# Planted Tanks > Beginners' Corner >  Smallest/Dwarf-est Freshwater Schooling Fish

## Solasido

Hi bros,

What is the smallest/dwarf-est freshwater schooling fish species available for nano aquarium?

I feel that neon tetra is still a bit too big when grown up.


Thank you.

----------


## Neondagger

Rasboras

learning the hard way!!!

----------


## PKB

Ember Tetra is a good choice too.

----------


## marimo

yap dwarf rasboras, boraras brigittae .. about 1.5 cm

----------


## Solasido

ah, thanks very much, bros  :Very Happy:

----------


## vannel

I would suggest the Galaxy Rasboras. They have nice colouration when settled into the tank and are quite active.

----------


## Ecalyte

TS is asking for a schooling fish.

Rasboras don't school, they shoal and even then.. only very occasionally. 

If you want small schooling fish, you're limited to tetras. If you think the Neons are too big, then pick a smaller species. Perhaps the Golden Tetra (Hemigrammus rodwayi)?

----------


## tranzy

Like what PKB mentioned, i think Ember Tetras are one of the smallest schooling fish around. Max size is about 2cm. 
I think Seaview names them as Amber Tetras.

----------


## |squee|

Second the Ember Tetras. I love them.

----------


## Shadow

Dwarf rasbora (Boraras maculatus), boraras brigittae, Galaxy Rasboras will not school. Golden tetra can grow same size as neon/cardina tetra (5 cm).

What is the maximum size you are looking for? I tried the following fish, the school very well. Ember tetra (2 cm), Sundadanio axelrodi (2.2 cm) and Green Neon Tetra (2.5 cm).

----------


## PKB

> Like what PKB mentioned, i think Ember Tetras are one of the smallest schooling fish around. Max size is about 2cm. 
> I think Seaview names them as Amber Tetras.


Yup, They school in the mid level of the tank and they do not stay in one part of the tank. They will explore around. And they do not spook out and hide when you apporach the tank. Nice fishes and looks nice especially when the are stable and display deep orange color.

----------


## diazman

Either the ember tetras or the golden pristella tetra would do well. I have them in my 36 Cm tank. schools occasionally.

----------


## Ecalyte

I've kept Amber tetras before, and I've seen them in a big tank.. I haven't seen them school before. I've seen them group up very occasionally when spooked, but I have never seen them school (Swimming together in a group in the same direction).

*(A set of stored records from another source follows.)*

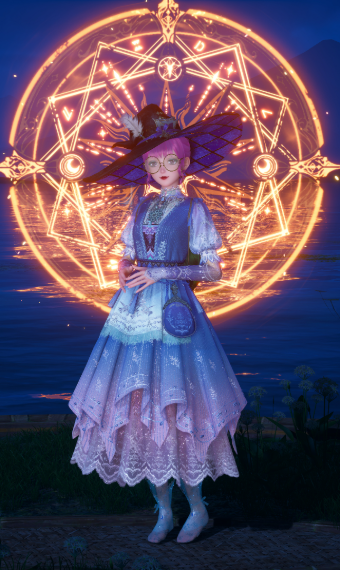 Witchy Winter Plum image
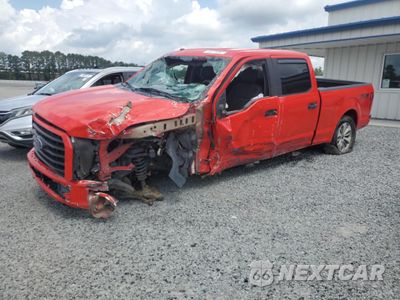 2017 FORD F150 SUPERCREW 1FTFW1EF4HKD23818 - główne zdjęcie licytacji z USA - miniatura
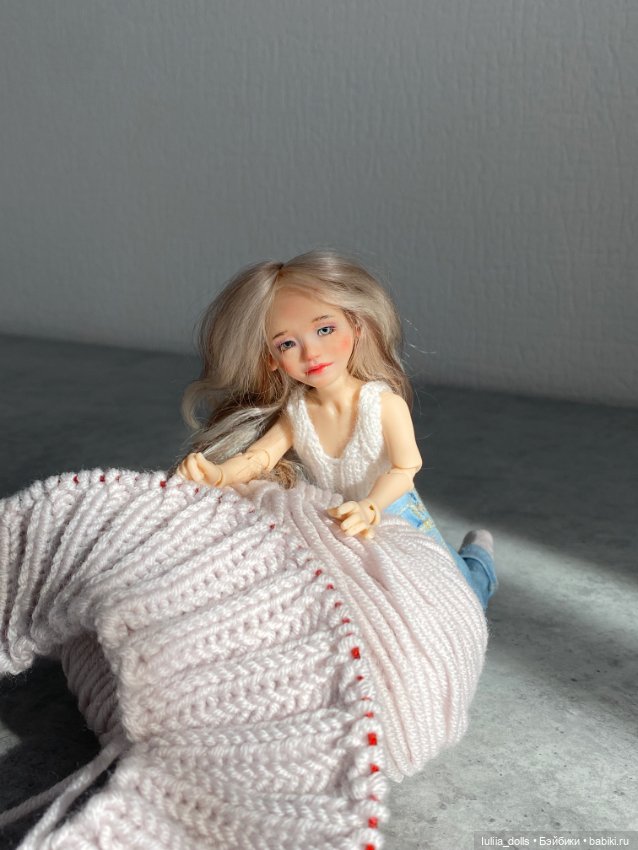 Домашние фото авторских кукол: личные коллекции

Maybe I've just been very unlucky.. haha..

----------


## Solasido

Many thanks for the useful info, bros. 

I am looking at max. 2cm schooling fish.
I think Amber tetra might be the best choice. I will head down to Seaview this weekend  :Smile: 

My tank is Leo Q550; the design is quite cool.

----------


## diazman

not really tight imo. haha i prefer mine a mix schooling. looks kinda cool

----------


## tranzy

while you are at Seaview, you may also wish to take a look at Black Neon Tetras, they look really good. the pictures which i have seen online don't seem to do justice to them. I think even when they are in the display tank they do not really look very appealing.

IMG_1826.jpgIMG_1824.jpg

Those are the best images that i managed to capture. I bought a few of them together with some Ember Tetras, and i quickly fell in love with their colour. its not bright and outstanding as neon tetras but their fins have a very nice blueish/purplish hue (may be due to the lighting), and theres a nice lateral line running along their body.

by the way, i don't think they school very tightly unless i stick something into the water, then they will all huddle together in a corner. maybe if you buy more you can see the "school" better.

----------


## Shadow

Black neon will grow big, probably same size or bigger than normal neon tetra. He is looking for something around 2cm

Normally fish will not school if you put too much

----------


## Peanut8787

Ember tetra... Small and orange..

----------


## |squee|

> I've kept Amber tetras before, and I've seen them in a big tank.. I haven't seen them school before. I've seen them group up very occasionally when spooked, but I have never seen them school (Swimming together in a group in the same direction).
> 
> Maybe I've just been very unlucky.. haha..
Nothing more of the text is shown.